NEW YORK, March 21 (UPI) -- The owners of the New York Mets said they are being denied due process in their defense of accusations they knew investor Bernard Madoff was a crook.
In court papers filed Sunday, Fred Wilpon and Saul Katz said court appointed trustee Irving Picard had refused to share depositions that would help them clear their names, despite the point that they are cooperating in the case, they said, The New York Times reported Monday.
The owners are denying they had reason to suspect Ponzi scheme operator Bernard Madoff was engaged in fraud.
They also said they were not sophisticated investors who might have concluded on their own that Madoff, who is serving a 150-year prison sentence, was running a Ponzi scheme.
Picard, who is seeking about $1 billion from the Mets owners, contends that the chief investment strategist at their holding company Sterling Equities had told Wilpon and Katz in an email that Madoff's returns were "too good to be true."
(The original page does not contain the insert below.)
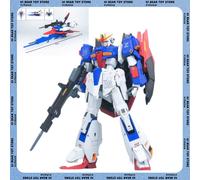 SHANBAO HG ZETA 1/72 Assembly Model Kit Collection Transformation Robot Frame Action Figures Models Kits Hobby Kids Toys Gifts No box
That email from December 2008 was followed up by one from Peter Stamos, a business partner, who said hedge fund Sterling Stamos had suspicions about Madoff's firm.
However, Wilpon and Katz claim there is evidence to the contrary. Court papers claim partner Peter Stamos said he was "embarrassed to say that I said to Mr. Katz on a number of occasions that my assumption is that Mr. Madoff is the most honest and honorable man."